Open 0xfocu5 opened 7 months ago

0xfocu5 commented 7 months ago

Is there a way to see the code coverage?

smoelius commented 7 months ago

No, cargo-afl does not provide a way to generate code coverage reports.

jberryman commented 7 months ago

This is linked from the AFL++ "In Depth" guide, but it looks like a real pain to get running: https://github.com/vanhauser-thc/afl-cov I'll report back here if I try

0xfocu5 commented 7 months ago

This is linked from the AFL++ "In Depth" guide, but it looks like a real pain to get running: https://github.com/vanhauser-thc/afl-cov I'll report back here if I try

Looking forward to your good news.

njelich commented 5 months ago

Going with the trivial approach of llvm-cov flags + cargo afl build provides a few profraw files during compilation, but then none during fuzzing. Any ideas?

smoelius commented 5 months ago

@njelich It looks like you answered your own question in https://github.com/taiki-e/cargo-llvm-cov/pull/352#issuecomment-2047050827?

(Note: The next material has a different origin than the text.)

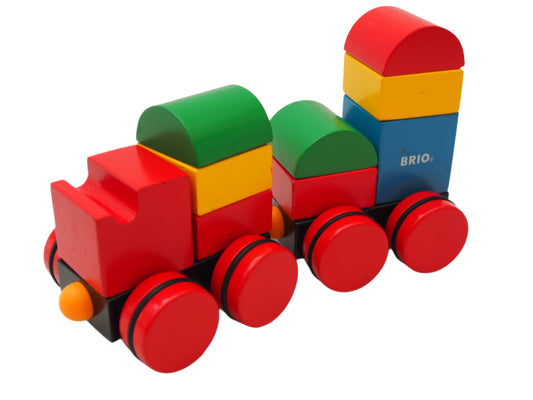 Wooden Brio Train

It seems sufficient to just add an "external tests" guide, but for AFL - this seems to work with the tutorial fuzzer in the AFL docs:

source <(cargo llvm-cov show-env --export-prefix)
cargo llvm-cov clean --workspace
cargo afl build
AFL_FUZZER_LOOPCOUNT=20 cargo afl fuzz -c - -V 10 -i in -o out target/debug/url-fuzz-target
cargo llvm-cov report --html

And it allows full customization without overhauling the enitrety of the llvm-cov args system.

This is very clever.

However, as my astute colleague @maxammann pointed out to me, this approach records coverage while the fuzzer is running. Ideally, one would fuzz for some amount of time, and then build a coverage report from the generated corpus files.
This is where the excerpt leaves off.